Entries provided |
——————

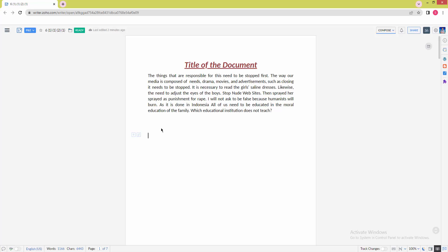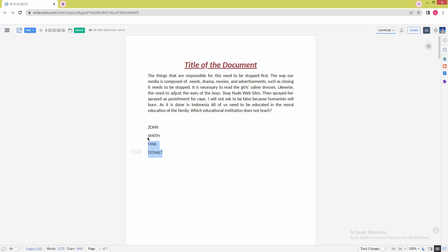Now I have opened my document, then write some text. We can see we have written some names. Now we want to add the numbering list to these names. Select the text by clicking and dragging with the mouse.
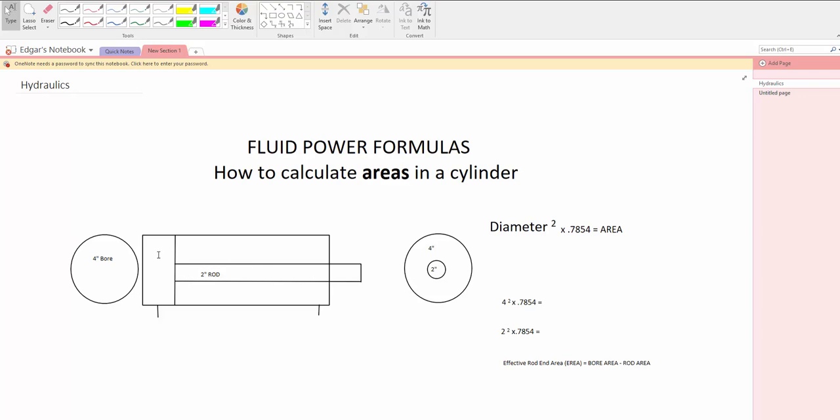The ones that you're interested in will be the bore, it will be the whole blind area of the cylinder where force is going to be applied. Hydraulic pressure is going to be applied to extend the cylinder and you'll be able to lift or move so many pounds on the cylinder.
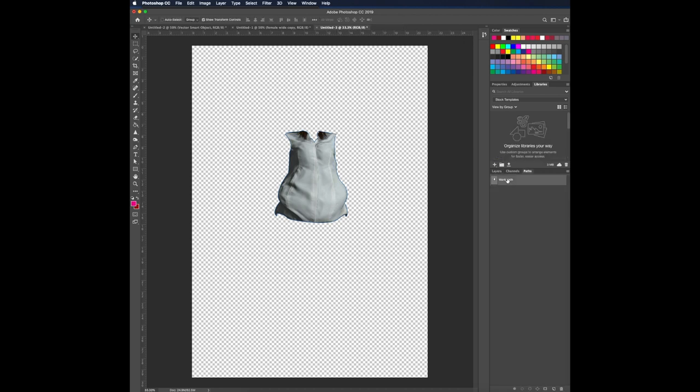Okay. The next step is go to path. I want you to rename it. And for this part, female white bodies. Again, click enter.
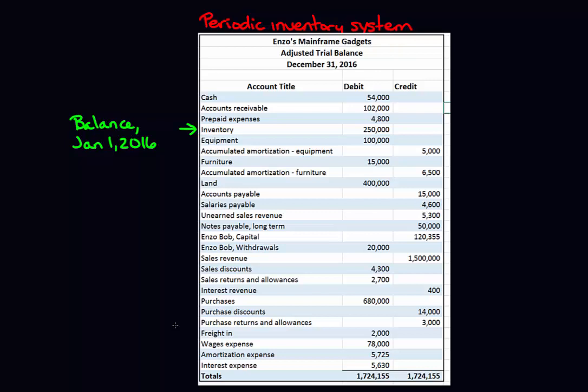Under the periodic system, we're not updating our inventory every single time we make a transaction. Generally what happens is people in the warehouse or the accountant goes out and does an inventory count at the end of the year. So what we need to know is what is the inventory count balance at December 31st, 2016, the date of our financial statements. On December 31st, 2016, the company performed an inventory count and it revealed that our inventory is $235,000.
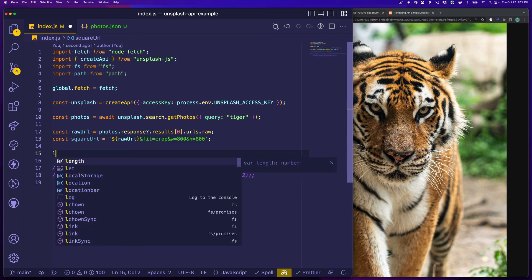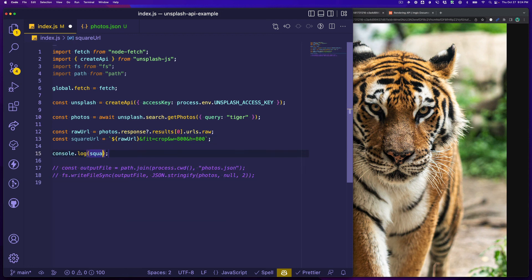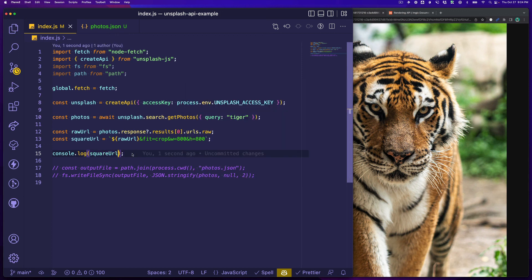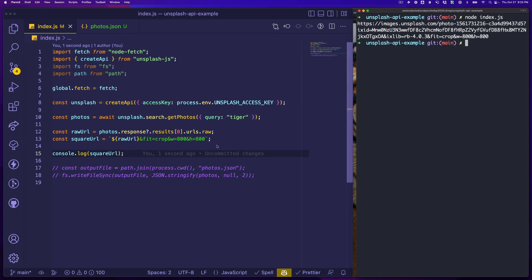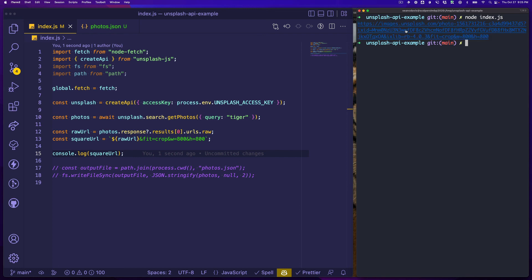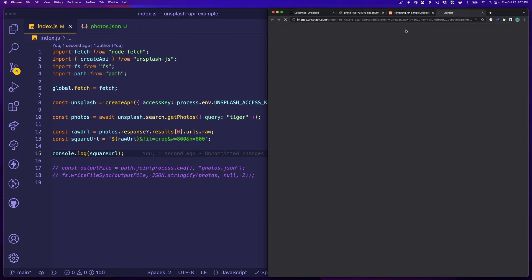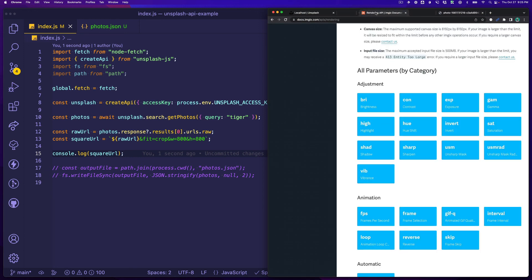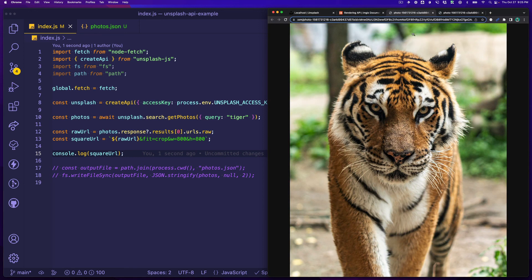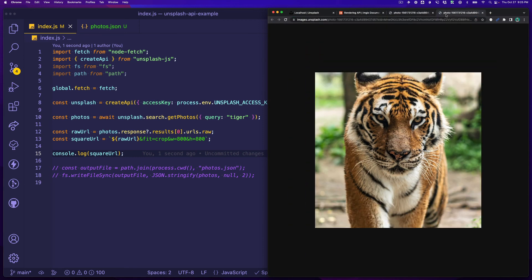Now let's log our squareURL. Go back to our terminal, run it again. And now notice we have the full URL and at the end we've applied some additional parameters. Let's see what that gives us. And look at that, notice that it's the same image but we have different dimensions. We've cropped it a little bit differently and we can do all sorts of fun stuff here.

——————

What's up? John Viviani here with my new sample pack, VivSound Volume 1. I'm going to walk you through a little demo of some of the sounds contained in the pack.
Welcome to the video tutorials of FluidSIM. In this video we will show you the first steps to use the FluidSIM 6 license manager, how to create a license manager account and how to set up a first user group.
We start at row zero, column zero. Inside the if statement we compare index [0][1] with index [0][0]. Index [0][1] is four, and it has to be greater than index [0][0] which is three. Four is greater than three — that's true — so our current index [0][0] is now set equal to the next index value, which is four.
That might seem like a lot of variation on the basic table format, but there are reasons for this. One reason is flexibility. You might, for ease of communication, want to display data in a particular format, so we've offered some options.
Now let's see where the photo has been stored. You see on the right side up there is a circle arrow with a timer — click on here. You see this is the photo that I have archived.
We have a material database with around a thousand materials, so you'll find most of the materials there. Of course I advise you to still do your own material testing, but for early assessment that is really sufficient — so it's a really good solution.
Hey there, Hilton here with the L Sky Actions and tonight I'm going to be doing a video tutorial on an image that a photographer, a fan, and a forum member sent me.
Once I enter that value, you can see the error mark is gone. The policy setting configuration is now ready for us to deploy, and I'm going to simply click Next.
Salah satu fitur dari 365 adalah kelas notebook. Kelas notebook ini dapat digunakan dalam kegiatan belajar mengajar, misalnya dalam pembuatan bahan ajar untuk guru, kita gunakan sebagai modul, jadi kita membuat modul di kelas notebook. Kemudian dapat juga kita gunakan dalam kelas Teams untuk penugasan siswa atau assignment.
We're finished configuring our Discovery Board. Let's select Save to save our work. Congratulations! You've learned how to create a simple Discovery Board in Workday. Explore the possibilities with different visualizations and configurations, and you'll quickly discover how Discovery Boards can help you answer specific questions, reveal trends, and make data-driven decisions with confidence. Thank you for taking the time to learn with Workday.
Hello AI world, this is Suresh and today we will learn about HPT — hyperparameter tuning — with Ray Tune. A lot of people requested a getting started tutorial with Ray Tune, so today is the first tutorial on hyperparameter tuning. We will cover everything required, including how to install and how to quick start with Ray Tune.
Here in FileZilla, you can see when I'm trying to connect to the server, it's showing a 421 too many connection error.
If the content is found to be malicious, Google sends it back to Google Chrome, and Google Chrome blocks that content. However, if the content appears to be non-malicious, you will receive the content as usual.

——————

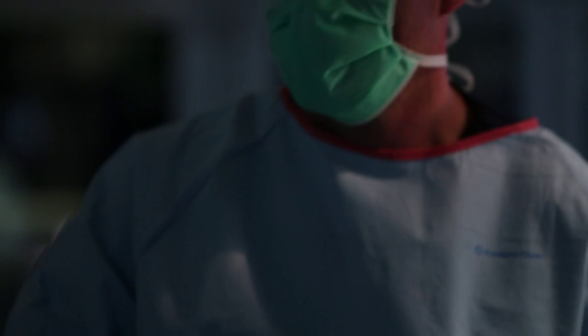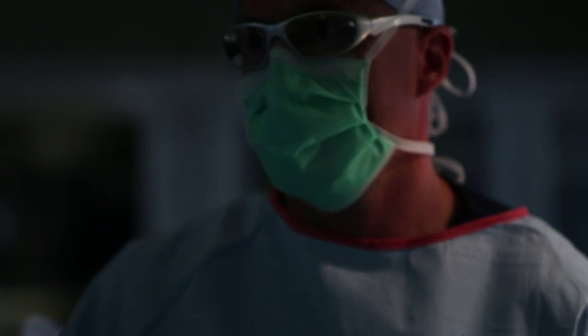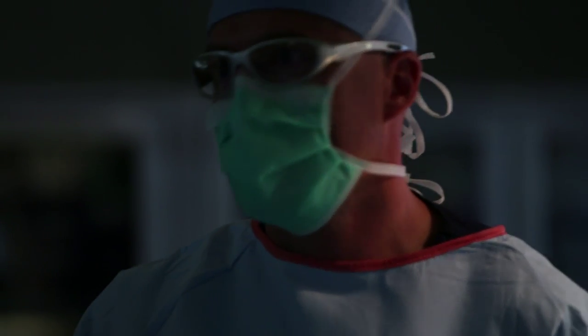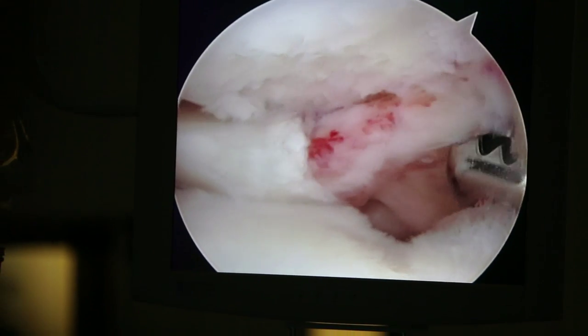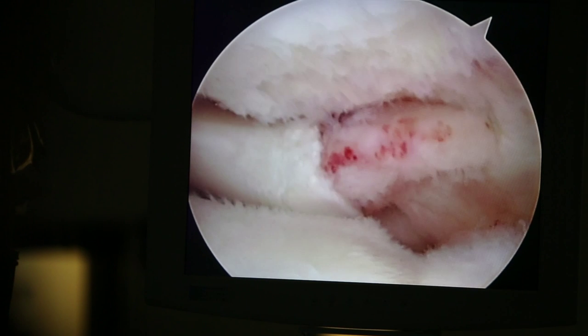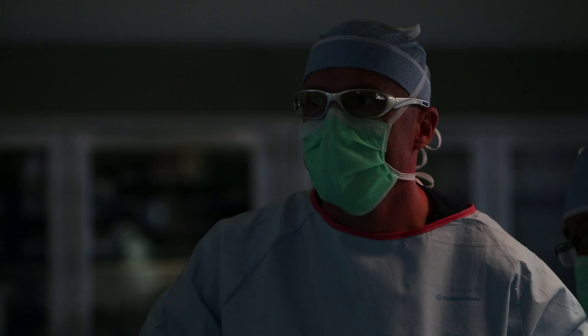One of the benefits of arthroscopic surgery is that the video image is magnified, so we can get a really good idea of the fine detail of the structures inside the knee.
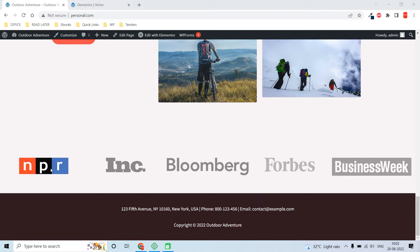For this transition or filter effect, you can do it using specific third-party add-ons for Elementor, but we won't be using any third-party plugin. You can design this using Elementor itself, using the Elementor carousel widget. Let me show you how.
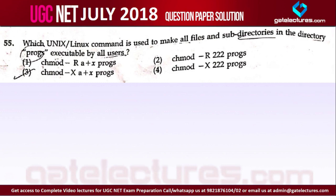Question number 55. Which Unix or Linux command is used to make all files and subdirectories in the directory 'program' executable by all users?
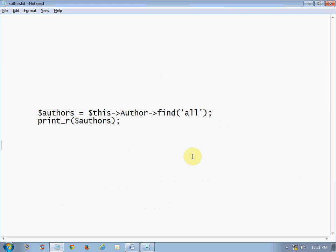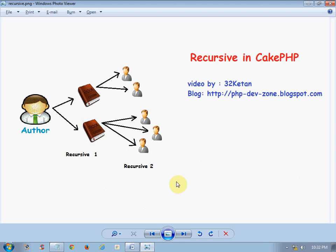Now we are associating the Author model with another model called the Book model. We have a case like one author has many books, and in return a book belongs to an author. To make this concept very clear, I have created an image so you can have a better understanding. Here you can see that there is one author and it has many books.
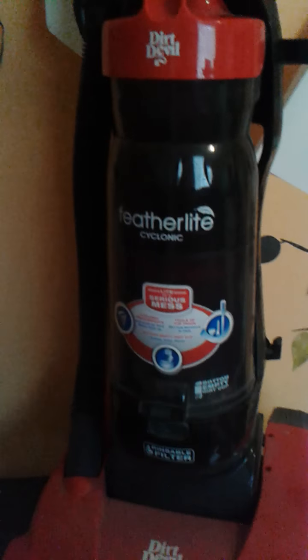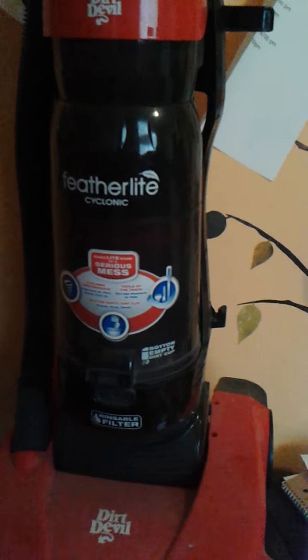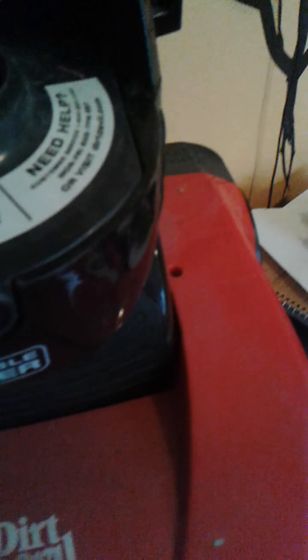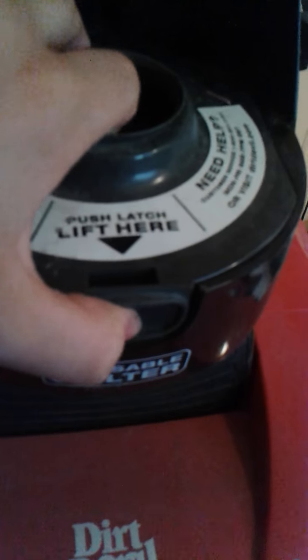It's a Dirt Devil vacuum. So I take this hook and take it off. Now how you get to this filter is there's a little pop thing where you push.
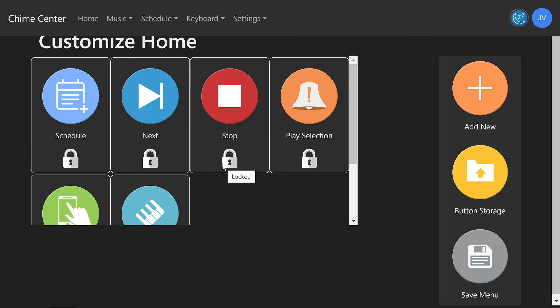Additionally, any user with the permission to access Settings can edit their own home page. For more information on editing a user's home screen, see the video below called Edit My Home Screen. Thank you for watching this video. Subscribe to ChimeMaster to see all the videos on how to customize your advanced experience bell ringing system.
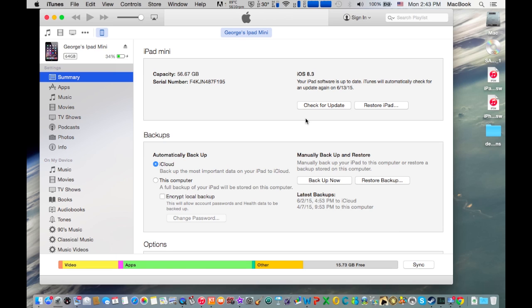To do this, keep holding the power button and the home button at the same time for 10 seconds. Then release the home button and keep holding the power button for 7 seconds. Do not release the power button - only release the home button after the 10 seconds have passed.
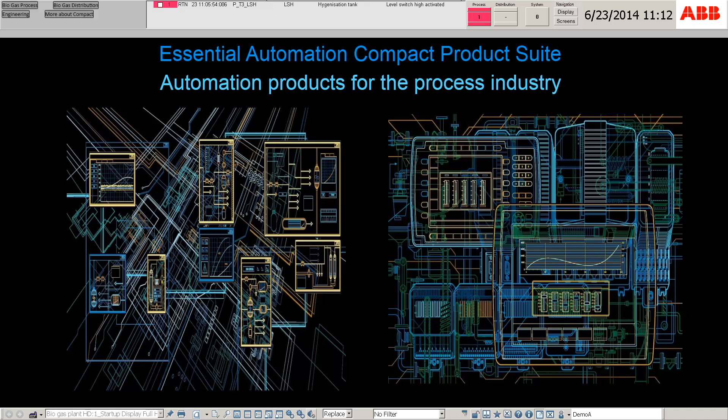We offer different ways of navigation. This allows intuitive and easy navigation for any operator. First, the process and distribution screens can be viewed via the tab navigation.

——————

Using the data above, reproduce exactly the lines from the line that contains "What's up? John" through the line that contains "Welcome to the", including both.

Exercise result |
What's up? John Viviani here with my new sample pack, VivSound Volume 1. I'm going to walk you through a little demo of some of the sounds contained in the pack.
Welcome to the video tutorials of FluidSIM. In this video we will show you the first steps to use the FluidSIM 6 license manager, how to create a license manager account and how to set up a first user group.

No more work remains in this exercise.